Another key issue is whether the test can distinguish between recollections and vivid imaginations. It has been demonstrated that the same or similar areas in the brain tend to become activated when we experience something and when we imagine it vividly (e.g. this paper, this review and in particular this paper, which shows that sentences high on imagery can trigger processing similar to reminiscence).

These problems can perhaps be overcome. There is no reason to think that recognition or recall cannot be detected with some degree of reliability – in principle, even if it may not be useful in legal practice. But if we are to get there clearly much testing and investigation needs to be done. Unfortfunately BEOS has not been subjected to outside scrutiny or peer-reviewed publication. While the system is presented (and presumably promoted) to law enforcement at various meetings, it has not to my knowledge been presented at neuroscientific meetings. What clearly is needed is documentation and independent verification showing that the system actually does distinguish between experienced and non-experienced situations, does not have a high rate of false positives and does not discriminate against certain persons. Before that, basing legal decisions on the technology should be regarded as about as valid as basing them on fortune-telling.

The second problem is more profound. I believe there are good reasons to think police investigators or even many forensic psychologists to be up to using the system without biasing it. Witness and interrogation psychology are subtle things, and we already know enough to be very sceptical about what people say, especially when there are elements of coercion or influence involved. We also know from countless psychological experiments that it is very hard for the experimenter not to influence a test subject even unconsciously in the direction of the desired outcome. Taken together, this suggests that the reading of details to the accused matter enormously. A slight shift in stress, a different style of sentence or content between the neutral and the non-neutral statements would completely bias the outcome. In psychology much effort goes into making word lists as similar to each other as possible, hoping to avoid bias. Do we have the confidence that investigators will go to the same length to make the statement of a crime and the neutral words have equal emotional valence, intonation and other subtle properties?

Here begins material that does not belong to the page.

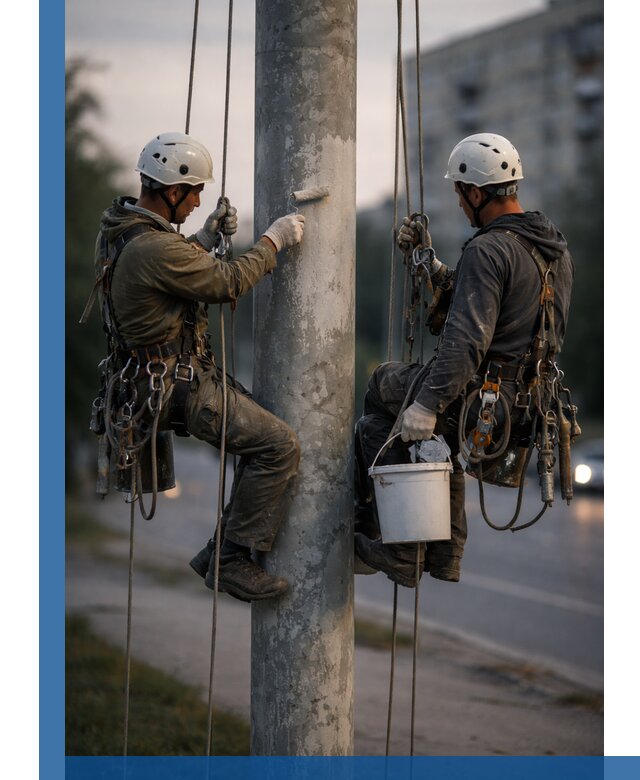 Покраска опор освещения и антикоррозийная защита в Кузнецке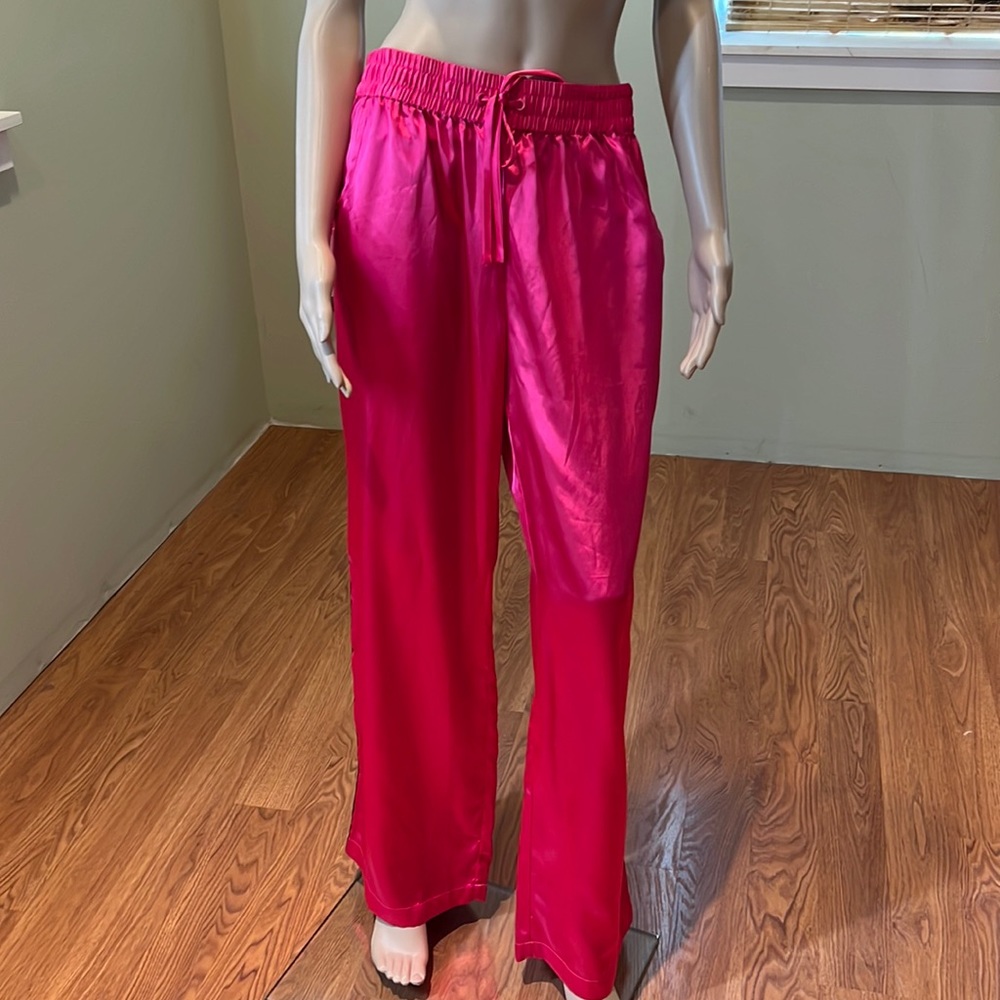 La Senza Pink Satin Wide Leg Drawstring Waist Pants With Black Stripes Size XL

There are good reasons to expect that this sort of system would not be used neutrally. Police has a strong confirmation bias. Famously the Japanese legal system has a 95% confession rate followed by a 99.8% conviction rate due to various biases, and other legal systems also have bias. Even a relatively useless lie detector can still be used thanks to the bogus pipeline effect: by convincing the accused that all lies will be revealed, the chance of getting a confession (true or not) are increased. That alone would make many police forces very happy and not too eager to follow the instruction manual too closely.

DNA testing requires careful handling of samples, checking for contamination from officers at the scene, database management, handling integrity problems and having a policy for storing evidence that may in the future exonerate convicted people.  These  requirements  involve setting up routines and labs, educating people and taking care with the data. If they are not met DNA testing will be useless or worse. Similarly brain-scanning could probably become very useful, but it would need a highly trained organisation to work. As long as the technology is unreliable or its reliability not understood, it should not be used. And given the biases of police, it might be ethically better to only use it for exonerating people by showing that they at least do not recall a crime than proving that they did it.